Have you ever been in love? Did you ever feel that sudden rush of elation and indescribable feeling that makes you smile whenever you think of him? Or you feel like sitting on the soft, fluffy clouds whenever your eyes meet? Yes! I think among all human experiences, nothing can beat the experience of being in love. Even when you were once hurt by it and regret everything about it, still you would say, "it’s all worth every tear." How much more if the experience is filled with so much happiness, that you wouldn’t want it to end, or you want it to last forever...
This is the experience that I have with love. Every time his eyes meet mine, I feel like I’m the most beautiful person in this world, that nobody can steal his attention away from me. It’s like I am the only creature who exists... It feels like there’s only the two of us in this world. Have you ever experienced this before? Have you ever been loved as much as this?
Such experience of love, made me value myself more. The more he makes me feel special, the more I realize my self-worth. This love, inspires me to wake up every morning with a big smile, knowing that in a little while, I’ll be with him again. I can imagine him come closer, with face beaming and eyes sparkling as if to say, "You made me glow with pride." Everyday as I go on with my life, this love remains in my heart and in my mind –- empowering me, making me enthusiastic in facing every challenge that comes my way. His big smile erases all the pain I have in my heart, erasing the bitter memories. He is not only a beloved, but above all he is a friend –- willing to listen to anything I want to say. He is a father, my source of strength and my guide and he can be a mother too, for he nurtures me, and makes sure I have everything I need.
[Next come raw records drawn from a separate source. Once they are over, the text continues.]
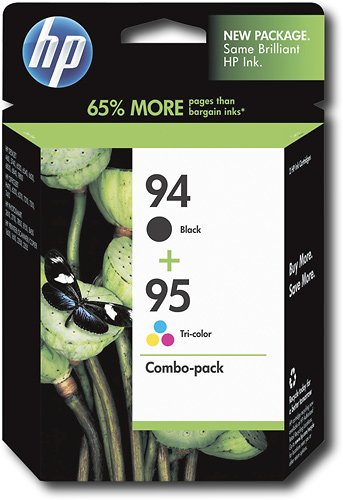  HP - 94/95 Photo Inkjet Cartridge Combo Pack - Black, Multicolor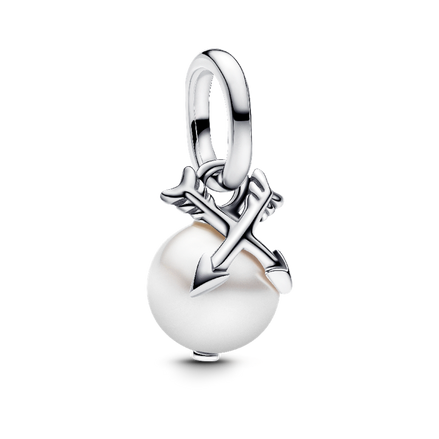 Pearl & Arrows Mini Dangle Charm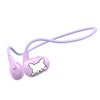 2B2C Kids Headphones, LK15 Open Ear Bluetooth Headphones with Air Conduction, Ultra-Light, 85dB Volume Limiting Wireless Headphone for Children Teens Boys Girls (Purple)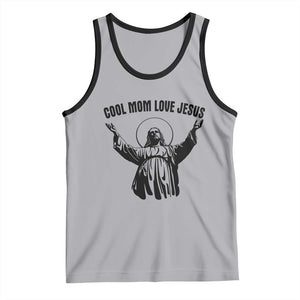 Christian Mom Faith Tank Top Cool Mom Love Jesus TS14 Athletic Heather Black Print Your Wear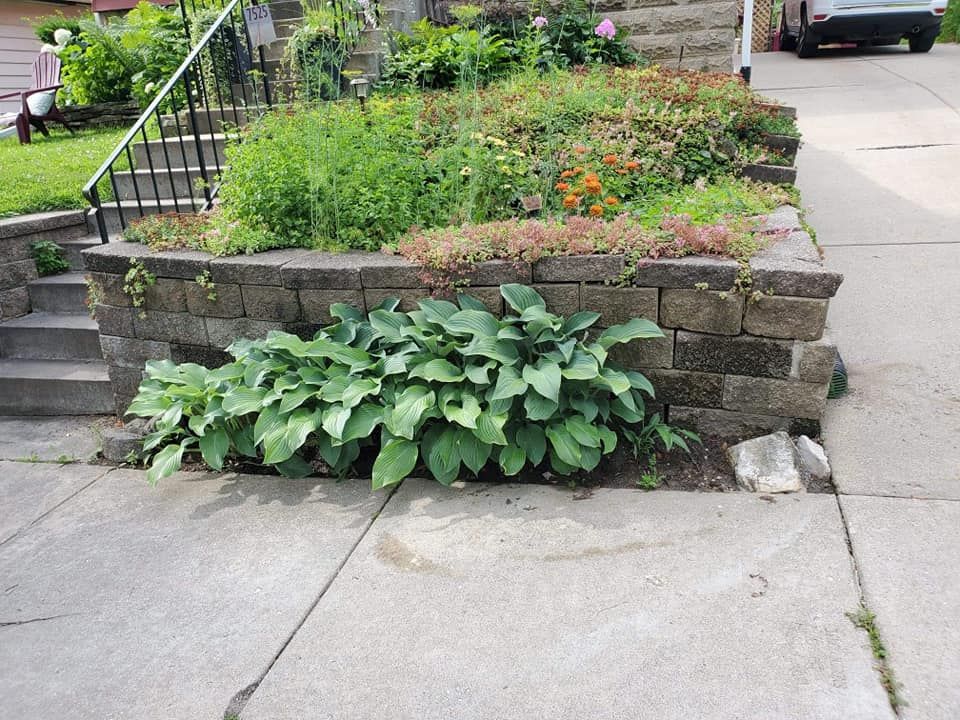 Retaining Wall Construction for JM Restoration LLC. in South Milwaukee, WI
Yes, this was true love. I experienced several years ago when I sat in silence for a meditation. I never expected it to happen. I never thought it could happen to me. Yes, I experienced it with God. I never thought that this-worldly feeling could be felt with God. But I did, and I cannot just make this up because whenever I think of Him, the feeling of being so deeply in love comes back. When the Bible told us about God as a friend, a father and a mother, I didn’t understand what it meant until I experienced God’s unlimited love myself. No, don’t mistake me as someone who will become a nun because I never want to. I believe that my calling to serve Him is not within the confines of a convent but out in the open. Having Him for a True Love means I can always fill myself with His love, which will enable me to share His love to others.